_WORK ORDER_
Pictures are to be left out. Return exactly the lines below from the one with "TU928 Tunisair Flight" up to and including the one with "Men's White Premium Polo".

(DATA RECORDS)

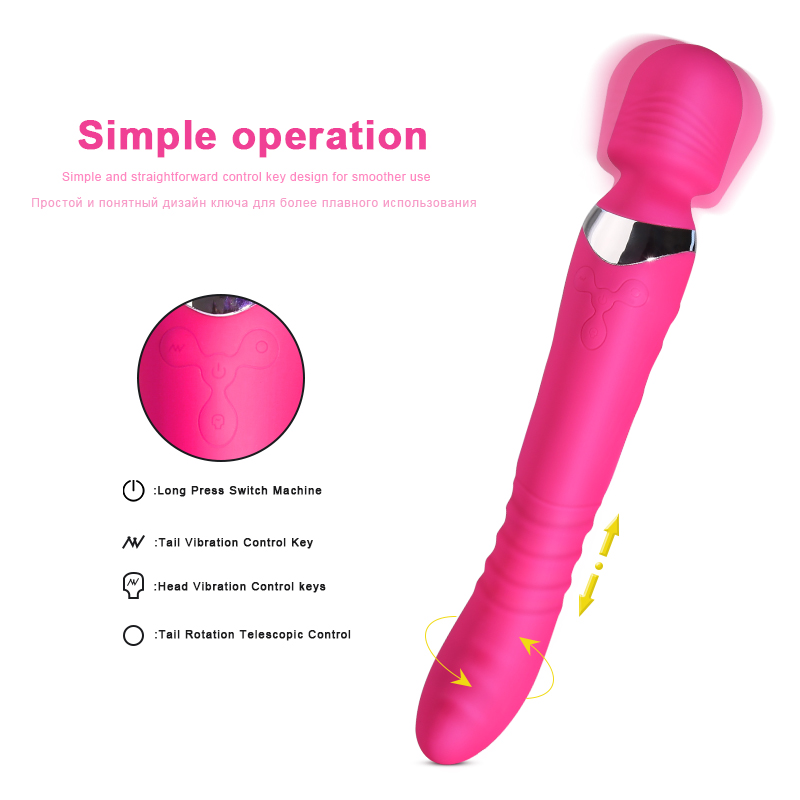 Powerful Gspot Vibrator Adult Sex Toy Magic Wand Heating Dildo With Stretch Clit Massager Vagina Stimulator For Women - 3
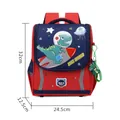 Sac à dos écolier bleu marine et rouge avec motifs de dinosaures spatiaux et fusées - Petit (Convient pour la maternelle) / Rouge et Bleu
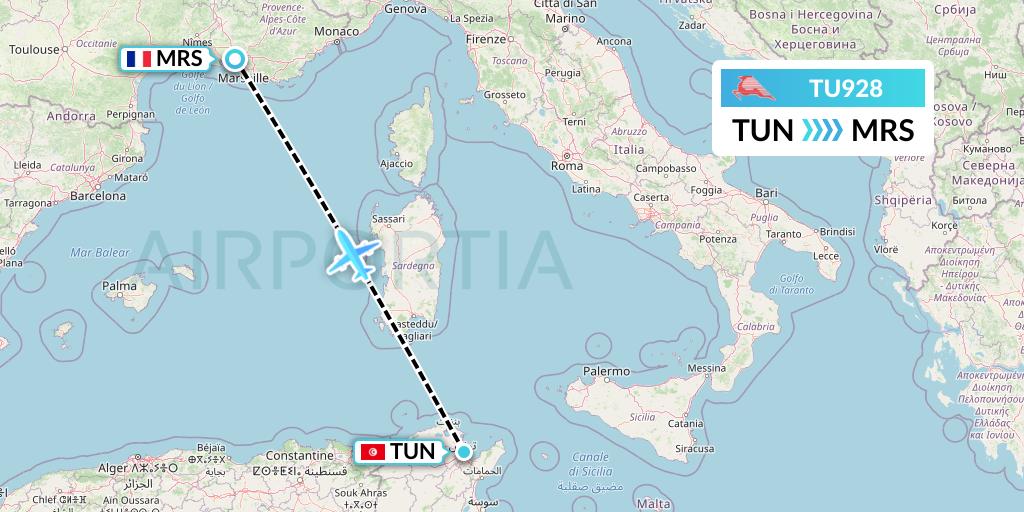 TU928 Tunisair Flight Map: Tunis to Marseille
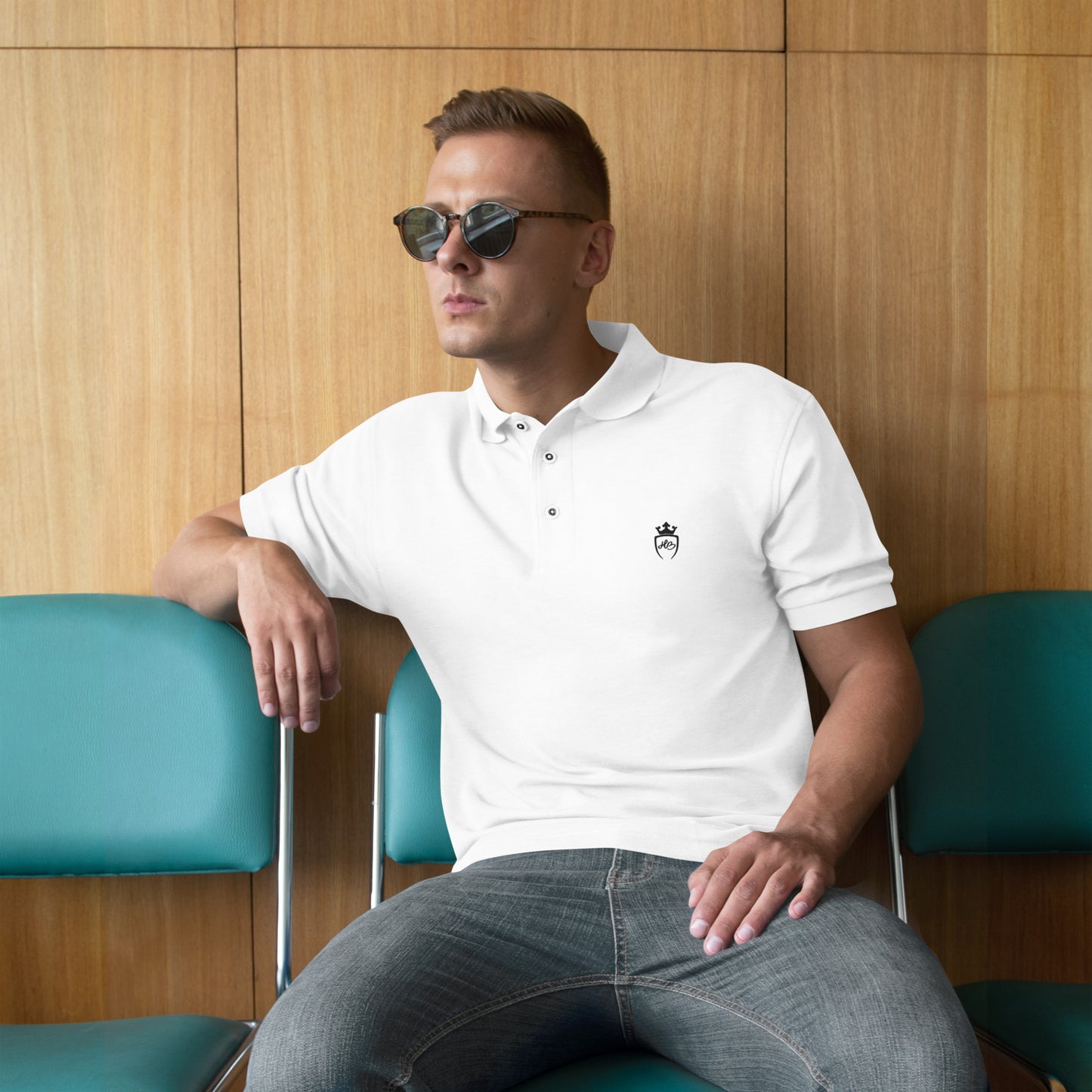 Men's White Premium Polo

(End DATA RECORDS)
(DATA RECORDS)

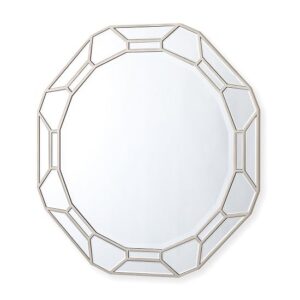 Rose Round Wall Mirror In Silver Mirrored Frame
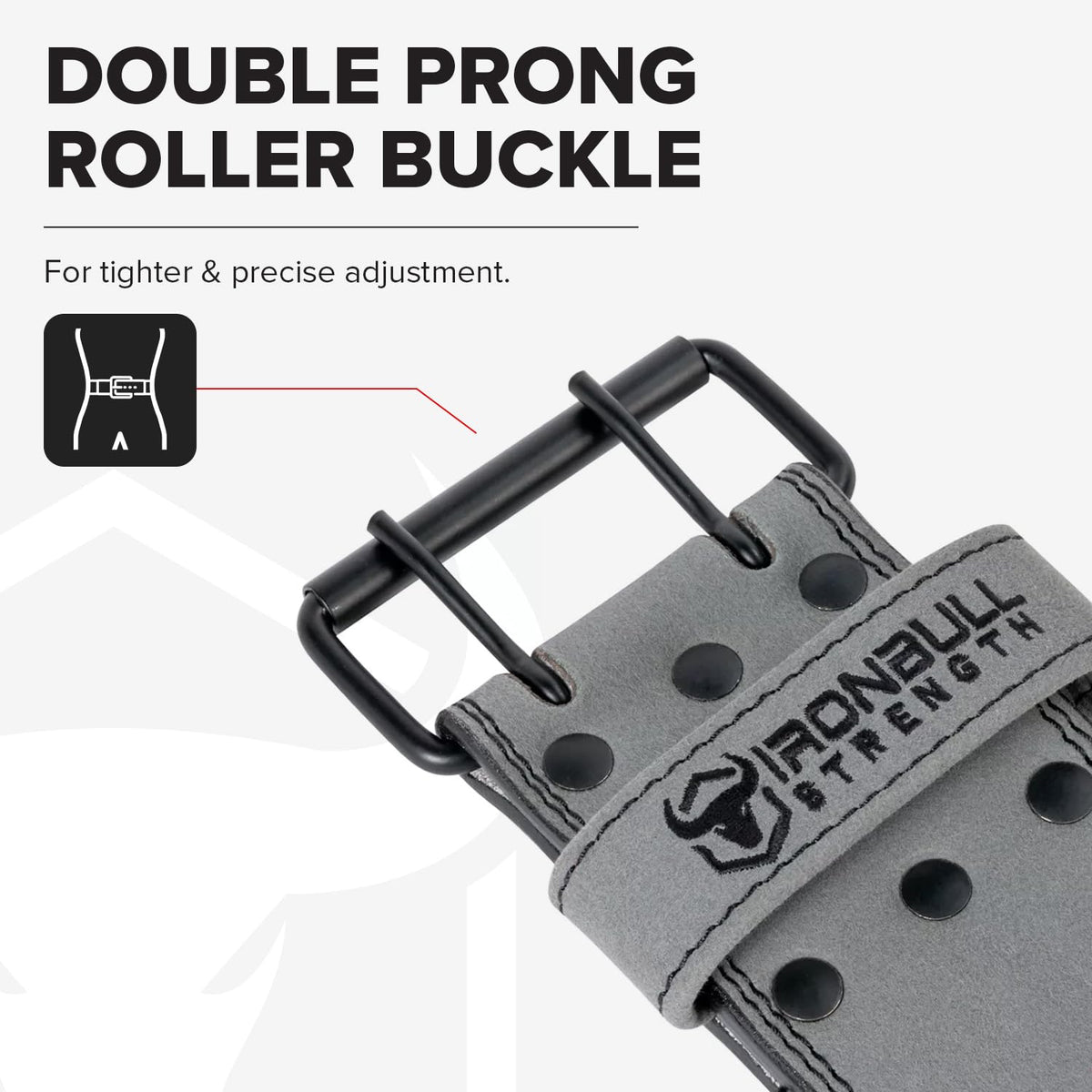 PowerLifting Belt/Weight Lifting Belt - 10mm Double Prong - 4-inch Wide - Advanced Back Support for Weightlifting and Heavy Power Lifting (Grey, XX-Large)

(End DATA RECORDS)

_EXERCISE RESULT_
 TU928 Tunisair Flight Map: Tunis to Marseille
 Men's White Premium Polo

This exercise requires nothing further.